In Signal Processing books, a fundamental theorem is that linear time invariant systems can be represented as a convolution with a distribution. Could you give a mathematically rigorous statement of this theorem, or refer a book that includes it?
Edit: For example, would the following be a correct statement?
"Let S' be the space of tempered distributions. If L is a linear operator on S' that commutes with translations, then there exists a distribution h in S' such that Lf = f*h for all f in S'"
Best Answer
I think the result you are looking for is the following: Let T be a linear continuous and translation invariant operator mapping S into S' (rather than S' into S'). Then there exists a distribution K s.t. Tf = f*K, for every f in S.

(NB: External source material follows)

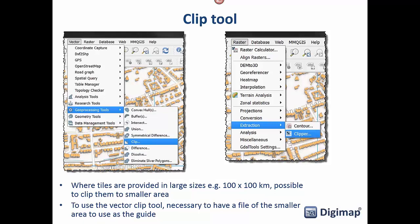For clipping: sometimes you download a large 100×100km tile and only need a small area. For vector data, go to Geoprocessing Tools and select Clip — you'll need a shapefile defining the extent you want to clip to, such as a 10×10km or 5×5km tile to set the clipping boundary. For raster data, go to Raster > Extraction > Clipper — you can use a different layer to set the extent, or simply drag a box on screen to clip out that section.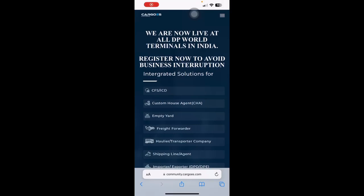Dear customer, greetings. Welcome to the training session of Cargo's Community India, an award-winning digital initiative by DP World.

The continuity of T is referred to the usual Frechet topology on S and the weak dual topology on S' (you want f -> to be a continuous linear functional on S for every g in S). You can find a proof (by Sobolev embedding) on Introduction to Fourier analysis on Euclidean spaces (E. Stein).
From this you can prove analogous results for L^p spaces by embedding (translation invariantly) S in L^p and L^q in S'.
To rephrase everything in the language of multipliers it suffices to remember that the Fourier transform F is a topological isomorphism of S' and that F(f*K) = F(f)F(K) whenever K is a tempered distribution and f is a Schwartz function. Than the operator T is a multiplier operator F(Tf) = m F(f) for m = F(K).